Investigation of GDF9 and BMP15 Polymorphisms in Mehraban Sheep to Find the Missenses as Impact on Protein

INTRODUCTION

Reproduction is a complex process and fecundity traits such as ovulation rate (OR) and litter size (LS) are genetically affected by many minor genes and also some major genes, called fecundity (Fec) genes (Drouilhet et al. 2009). Utilization of major fecundity genes in sheep production can cause genetic improvement in breeding programs, and consequently high performance in reproductive traits (Notter, 2008). So far, some major genes relevant to OR and LS traits such as bone morphogenetic protein recep-tor-1B(BMPR1B), bone morphogenetic protein 15 (BMP15), growth differentiation factor 9 (GDF9) and beta-1, 4-N-acetyl-galactosaminyl transferase 2 or lacaune gene(B4GALNT2) have been reported and all of which have hyper prolificacy-associated mutations (Drouilhet et al. 2013; Bodin et al. 2007). BMPR1B, BMP15 and GDF9 genes are all part of the ovary-derived transforming growth factor-β (TGFβ) superfamily. The essential growth factors and receptors in ovarian follicular development are coded by these genes (Pramod et al. 2013). Causative mutations in sheep such as FecB^B mutation in BMPR1B in Booroola Merino (Wilson et al. 2001) and Javanese (Bradford et al. 1986); mutations in BMP15 in Romney (FecX^I, FecX^H) (Galloway et al. 2000), Cambridge and Belclare (FecX^B, FecX^G) (Hanrahan et al. 2004), Lacaune(FecX^L, FecX^I) (Bodin et al. 2007) and mutations in GDF9 in Belclare and Cambridge (FecG^H) (Hanrahan et al. 2004), Norwegian White Sheep (FecG^NW) (Vage et al. 2013), Icelandic(FecG^T) (Nicol et al. 2009) and Santa Ineˆs sheep (FecG^E) (Silva et al. 2011), have been clearly identified and also their significant effect on fecundity traits have been showed in different sheep breeds. Several methods based utilization of the physico-chemical properties of amino acids, as well as information about the role of amino acid side chains in protein structure, have been developed for assessing the effects of mutation on protein function (Reva et al. 2011). Mutations can influence protein folding, protein stability, protein function, protein-protein interactions, protein expression and subcellular localization (Reva et al. 2011). This work examined the polymorphic sites of GDF9 and BMP15 genes in Mehraban sheep to identify missense mutations. In addition, protein folding and physical interactions were assessed through protein modeling to interpret missense effects on protein conformation and functionality.

MATERIALS AND METHODS

Sampling

To perform the experiment, twelve Mehraban ewes, located in Hamedan province, western Iran, were selected. Blood samples (5 mL per animal) were collected from jugular vein using venoject containing EDTA. Genomic DNA was extracted from whole blood using DNPTM Kit (SinaClon BioScience Co.) and kept at -20 ˚C. Quantity and quality of gDNA were determined using NanoDrop® ND-1000 based on absorbance at A260/A280 ratio.

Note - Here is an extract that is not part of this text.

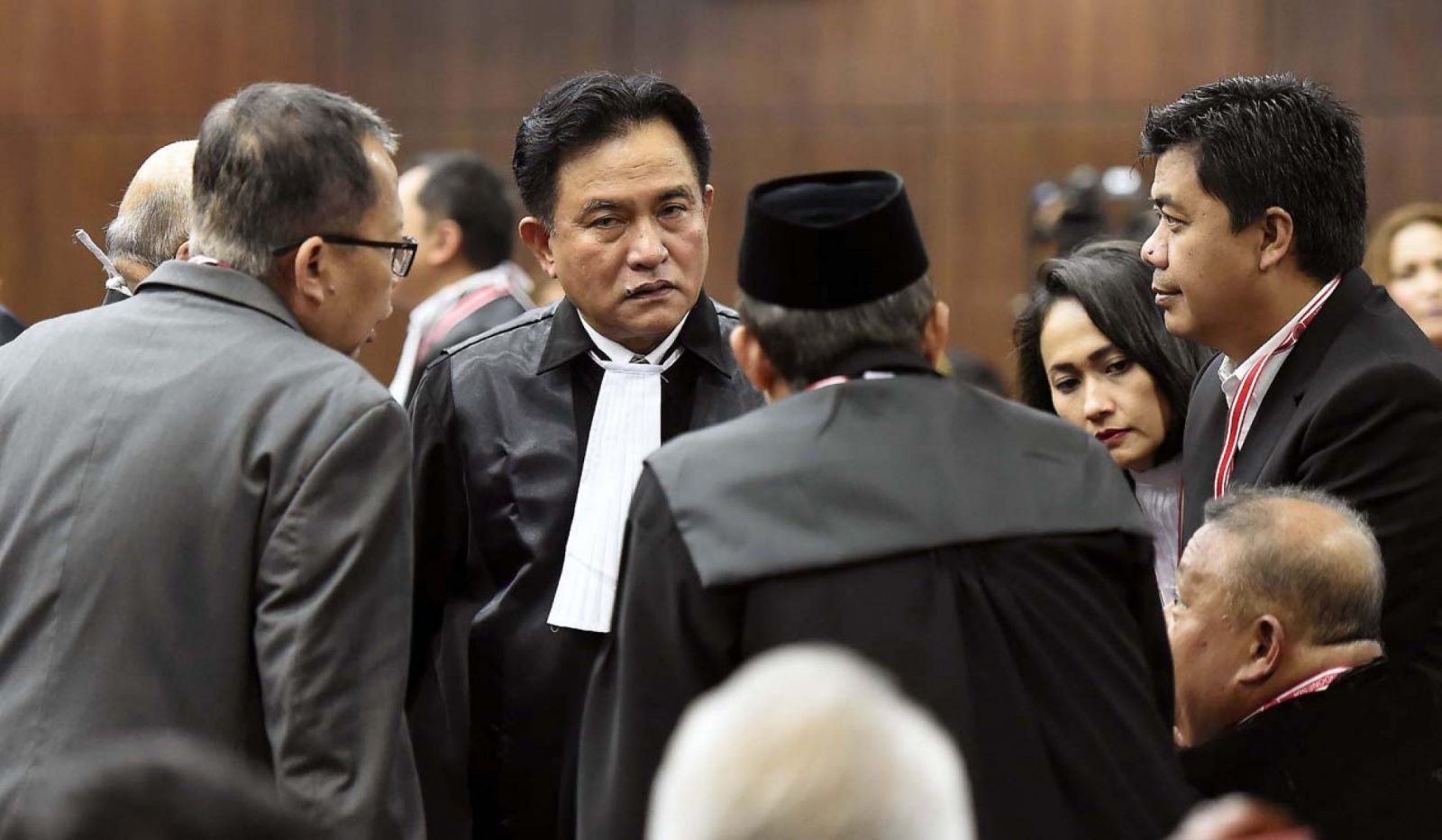 Yusril Ihza Mahendra bersama Pengacara dari Pihak Terkait dalam Sidang Perselisihan Hasil Pemilu (PHPU) di Mahkamah Konstitusi, Jakarta. (FEDRIK TARIGAN/JAWA POS) - Image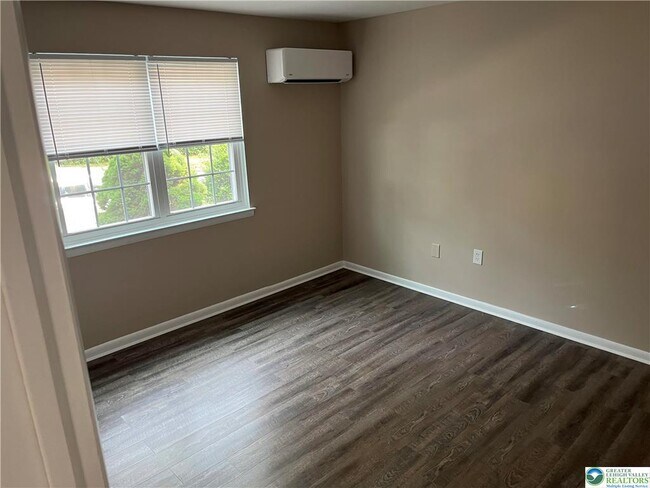 Photo - 511 Prospect Ave Unit 2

PCR amplification and purification of products

Specific primers were designed by Primer-BLAST tool (www.ncbi.nlm.nih.gov/tools/primer-blast/). The primers were used to amplify both exons 1 and 2 of BMP15 (GenBank No. NC_019484.1) and GDF9 (GenBank No. NC_019462.1) genes (Table 1). Polymerase chain reaction (PCR) was carried out on 50 ng of genomic DNA in a final 20 μL reaction containing 4 μL of 10 × PCR buffer, 2 μL of 200 µM dNTPs, 1 μL of each primer at a concentration of 0.05 μM and 0.5 unit of Taq polymerase (Promega, Wisconsin, USA). The PCR protocol used and initial of 5 min denaturation step at 94 ˚C followed by 35 cycles at 94 ˚C for 30 s, 55 ˚C for 30s 72 ˚C for 30 s and a final 7 min extension step at 72 ˚C. Purification of PCR products was carried out in a final 15 μL volume consisting of mixture of T-SAP (1 U/µL) and Exonuclease I (20 U/µL) with Programs PCR as follows: digestion 37 ˚C for 45 minutes, inactivation of enzymes 80 ˚C for 30 minutes in 35 cycles.

DNA sequencing

All twelve samples were selected for DNA sequencing. The primers used for sequencing were the same primers used for the PCR. The sequencing reaction was carried out in a final 20 μL volume containing 2 µL Tampon ABI (5X), 0.5 µL Terminators Dichlororhodamine V3.1 (Life technologies Co. California, United States), 1 µL primer (10 µM), 1.5 µL H₂O. The program of PCR sequencing as follows: 95 ˚C for 5 min followed by 1 cycle, and then 25 cycles followed by 95 ˚C for 30 s, 55 ˚C for 30 s, 60 ˚C for 4 min. Sequencing was carried out at the National Institute of Agronomic Research (INRA), France and GenPhySE Centre on the Applied Biosystems 3730 DNA Analyzer platform.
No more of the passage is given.